• [Aim of the exercise] Transcribe the entries below without alteration.

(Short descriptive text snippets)
┄┄┄┄┄┄┄┄┄┄

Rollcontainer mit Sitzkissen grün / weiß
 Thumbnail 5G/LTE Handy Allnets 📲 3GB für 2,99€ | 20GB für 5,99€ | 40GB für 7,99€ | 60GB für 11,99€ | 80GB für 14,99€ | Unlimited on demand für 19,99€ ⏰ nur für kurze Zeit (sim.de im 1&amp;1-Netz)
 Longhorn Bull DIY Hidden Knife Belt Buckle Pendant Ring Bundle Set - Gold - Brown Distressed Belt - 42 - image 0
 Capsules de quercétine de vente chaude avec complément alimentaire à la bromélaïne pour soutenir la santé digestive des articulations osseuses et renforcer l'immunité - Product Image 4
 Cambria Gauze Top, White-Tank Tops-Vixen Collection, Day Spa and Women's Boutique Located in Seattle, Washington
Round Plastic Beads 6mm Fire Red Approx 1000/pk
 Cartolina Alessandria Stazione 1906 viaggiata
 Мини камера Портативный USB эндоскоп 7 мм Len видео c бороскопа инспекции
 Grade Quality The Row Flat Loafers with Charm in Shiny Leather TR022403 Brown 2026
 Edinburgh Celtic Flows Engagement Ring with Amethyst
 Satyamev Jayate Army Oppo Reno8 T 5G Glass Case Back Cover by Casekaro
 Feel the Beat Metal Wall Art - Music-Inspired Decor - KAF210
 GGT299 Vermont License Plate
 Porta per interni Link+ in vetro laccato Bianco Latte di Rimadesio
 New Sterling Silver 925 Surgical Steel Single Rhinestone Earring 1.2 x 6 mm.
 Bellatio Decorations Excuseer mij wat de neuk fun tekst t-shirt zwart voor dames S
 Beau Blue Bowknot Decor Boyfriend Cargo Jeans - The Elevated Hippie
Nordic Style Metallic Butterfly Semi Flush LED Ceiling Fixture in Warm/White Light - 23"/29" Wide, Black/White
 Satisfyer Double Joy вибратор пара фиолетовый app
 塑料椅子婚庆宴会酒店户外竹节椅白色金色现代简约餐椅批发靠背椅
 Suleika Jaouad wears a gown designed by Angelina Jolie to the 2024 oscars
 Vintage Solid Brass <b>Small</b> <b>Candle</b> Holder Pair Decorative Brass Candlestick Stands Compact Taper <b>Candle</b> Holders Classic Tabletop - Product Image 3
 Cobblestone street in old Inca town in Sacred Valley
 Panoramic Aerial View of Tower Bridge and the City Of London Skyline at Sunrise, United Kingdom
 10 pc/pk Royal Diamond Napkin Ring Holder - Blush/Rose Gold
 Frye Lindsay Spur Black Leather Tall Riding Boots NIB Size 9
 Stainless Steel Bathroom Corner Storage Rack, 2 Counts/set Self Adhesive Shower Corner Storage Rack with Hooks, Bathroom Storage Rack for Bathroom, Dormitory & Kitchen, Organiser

┄┄┄┄┄┄┄┄┄┄

• [Finished task]
Rollcontainer mit Sitzkissen grün / weiß
 Thumbnail 5G/LTE Handy Allnets 📲 3GB für 2,99€ | 20GB für 5,99€ | 40GB für 7,99€ | 60GB für 11,99€ | 80GB für 14,99€ | Unlimited on demand für 19,99€ ⏰ nur für kurze Zeit (sim.de im 1&amp;1-Netz)
 Longhorn Bull DIY Hidden Knife Belt Buckle Pendant Ring Bundle Set - Gold - Brown Distressed Belt - 42 - image 0
 Capsules de quercétine de vente chaude avec complément alimentaire à la bromélaïne pour soutenir la santé digestive des articulations osseuses et renforcer l'immunité - Product Image 4
 Cambria Gauze Top, White-Tank Tops-Vixen Collection, Day Spa and Women's Boutique Located in Seattle, Washington
Round Plastic Beads 6mm Fire Red Approx 1000/pk
 Cartolina Alessandria Stazione 1906 viaggiata
 Мини камера Портативный USB эндоскоп 7 мм Len видео c бороскопа инспекции
 Grade Quality The Row Flat Loafers with Charm in Shiny Leather TR022403 Brown 2026
 Edinburgh Celtic Flows Engagement Ring with Amethyst
 Satyamev Jayate Army Oppo Reno8 T 5G Glass Case Back Cover by Casekaro
 Feel the Beat Metal Wall Art - Music-Inspired Decor - KAF210
 GGT299 Vermont License Plate
 Porta per interni Link+ in vetro laccato Bianco Latte di Rimadesio
 New Sterling Silver 925 Surgical Steel Single Rhinestone Earring 1.2 x 6 mm.
 Bellatio Decorations Excuseer mij wat de neuk fun tekst t-shirt zwart voor dames S
 Beau Blue Bowknot Decor Boyfriend Cargo Jeans - The Elevated Hippie
Nordic Style Metallic Butterfly Semi Flush LED Ceiling Fixture in Warm/White Light - 23"/29" Wide, Black/White
 Satisfyer Double Joy вибратор пара фиолетовый app
 塑料椅子婚庆宴会酒店户外竹节椅白色金色现代简约餐椅批发靠背椅
 Suleika Jaouad wears a gown designed by Angelina Jolie to the 2024 oscars
 Vintage Solid Brass <b>Small</b> <b>Candle</b> Holder Pair Decorative Brass Candlestick Stands Compact Taper <b>Candle</b> Holders Classic Tabletop - Product Image 3
 Cobblestone street in old Inca town in Sacred Valley
 Panoramic Aerial View of Tower Bridge and the City Of London Skyline at Sunrise, United Kingdom
 10 pc/pk Royal Diamond Napkin Ring Holder - Blush/Rose Gold
 Frye Lindsay Spur Black Leather Tall Riding Boots NIB Size 9
 Stainless Steel Bathroom Corner Storage Rack, 2 Counts/set Self Adhesive Shower Corner Storage Rack with Hooks, Bathroom Storage Rack for Bathroom, Dormitory & Kitchen, Organiser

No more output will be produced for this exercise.